Those times inevitably raised suspicions. But those who trained or raced against him say no way, that Komen was definitely running clean, just one of those rare freaks of nature who occasionally come along to completely rewrite the record books.
It was as if the only tactic he knew was front running. Then, typical perhaps of people who prefer to live life in the fast lane, Komen soon burned out rather than faded away. It seemed his motivation plummeted and when he failed to make the Sydney Olympics in 2000, he effectively quit.
Which brings me to that incredible sense of deja vu when watching Jakob Ingebrigtsen run 7:17.55 for 3,000m at the Silesia Diamond League in Poland last Sunday week. In the 28 years since Komen ran his 7:20.67, no other runner had come within two seconds. It was the longest-standing men’s distance-running world record in the books, considered by some as untouchable.
That Ingebrigtsen then came out and took a three second chunk off it clearly surprised even himself, a rare thing for the 23-year-old Norwegian. Hutchings happened to be on the TV commentary from Silesia too, and promptly declared: “Ingebrigtsen doesn’t just rip world records up, he liquidises them.”
Ingebrigtsen clearly shares that same Komen spirit of preferring to race often and race hard. Last year at the Paris Diamond League, he also broke through Komen’s two-mile mark, which had stood since 1997, running 7:54.10 – just over 4½ seconds faster.
He is also benefitting from what may or may not be considered a part of the natural progression in distance running, Nike’s carbon-plated super spikes on the track (and super shoes off it), plus the Wavelight pacing lights on the perimeter of the track, allowing him to run to his exact preference of pacing.

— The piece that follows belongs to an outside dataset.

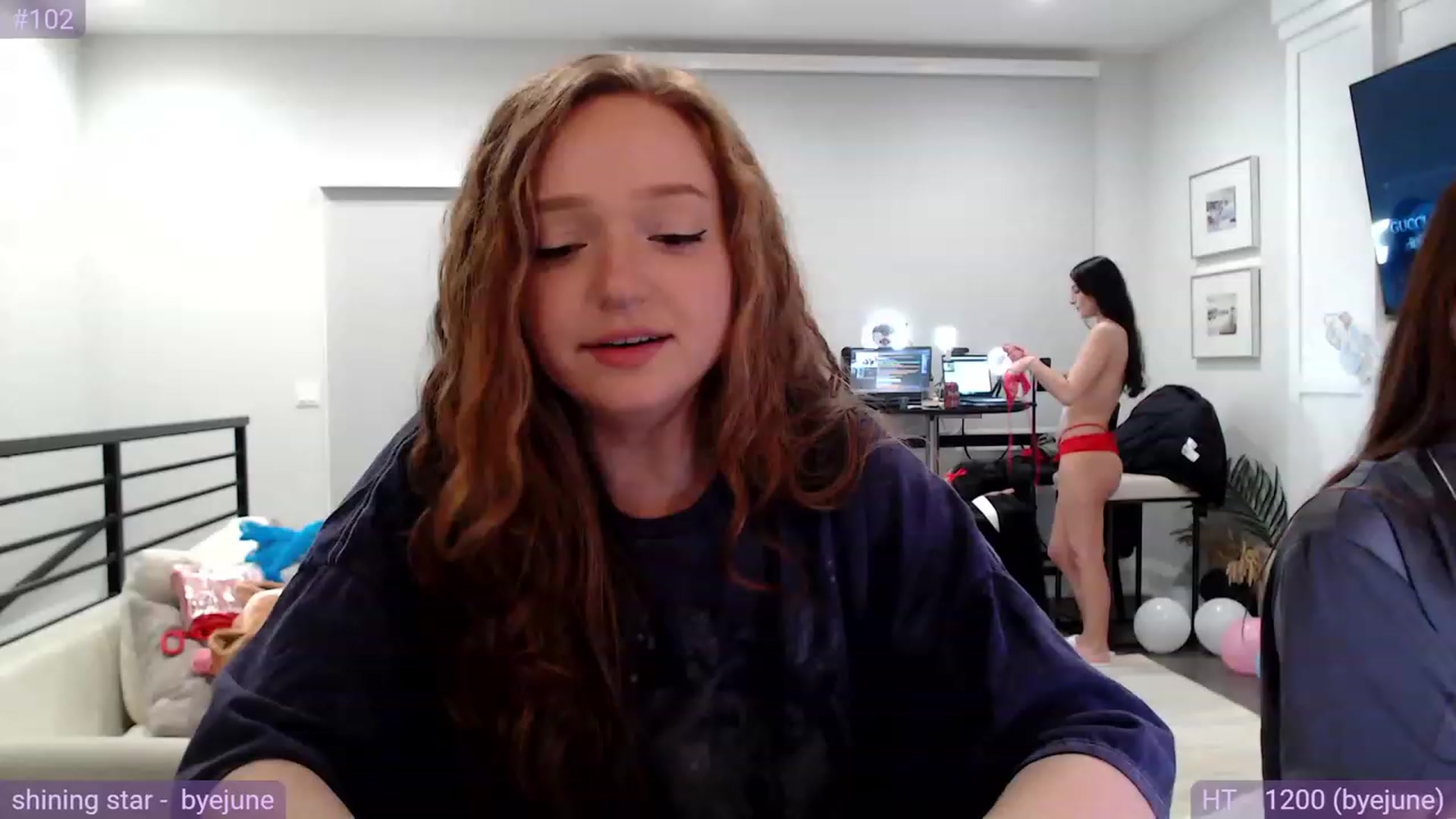 Gallery image thumbnail from Fiona's myfreecams stream on, 02/25/2024, 02:18 image 11 of 20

As it turned out, that was 3:54.72-mile pace, or 58.34 seconds per lap for the 7½ laps, certainly superior to his 7:54.10 two-mile. According to the World Athletics scoring tables, only the marathon world record of 2:00:35 run by the late Kelvin Kiptum in October 2023 ranks higher among the men’s distance records, and Ingebrigtsen is clearly not finished yet.
After also breaking the rarely contested 2,000m record last year (running 4:43.13 to eclipse the 4:44.79 set by Hicham El Guerrouj in 1999) Ingebrigtsen told the Norwegian newspaper VG that he wanted to eventually break every world record from 1,500m through to the marathon. Three down, only seven to go.
No top distance runner has raced more than Ingebrigtsen this year. After missing the indoor season because of injury, he lost his opening race over the mile at the Prefontaine Classic, finishing second to Britain’s Josh Kerr, then going unbeaten in finals (collecting another European 1,500m-5,000m double in June) before the Olympic 1,500m final in Paris, where despite running 3:28.24, inside his old Olympic record, he had to settle for fourth – before bouncing right back to win the 5,000m gold.
Three days before Silesia, he got some revenge on the man who took his Olympic title in Paris, comfortably beating Cole Hocker from the US in Lausanne. On Thursday he took on Hocker, Kerr and Yared Nuguse (who won bronze in Paris) again at the Zurich Diamond League. This time Nuguse beat Ingebrigtsen into second place in another thriller.
Against this backdrop came the news this week that Sydney McLaughlin-Levrone from the US, who likes to race hard but not very often, was unable to secure a place in the Diamond League final in Brussels next weekend despite originally entering as a “wild card” in both the 200m and 400m.
The problem is the Olympic champion and world record holder in the 400m hurdles didn’t fulfil the requirement of racing at least one Diamond League meeting already this season. So instead of racing against the likes of our own Rhasidat Adeleke, she must contest what are effectively B races in Brussels, against unknown opposition.
No top sprinter has raced less than McLaughlin-Levrone this year, or in recent years for that matter, and yet the 25-year-old from New Jersey has improved the world record in her event six times already in just three seasons. She took it from 51.90 in 2021 to 50.37 in the Olympic final in Paris last month, now touching on the once seemingly impossible 50-second barrier.
She also ran that blistering 47.70 split in the 4x400m relay in Paris, helping the US to the gold medal in 3:15.27, just 0.1 shy of the world record, in the race where the Irish quartet finished fourth.
Still, if McLaughlin-Levrone isn’t willing to race a little more often, it’s hardly surprising she’s not getting much sympathy after being told she can’t race in the Diamond League final in Brussels.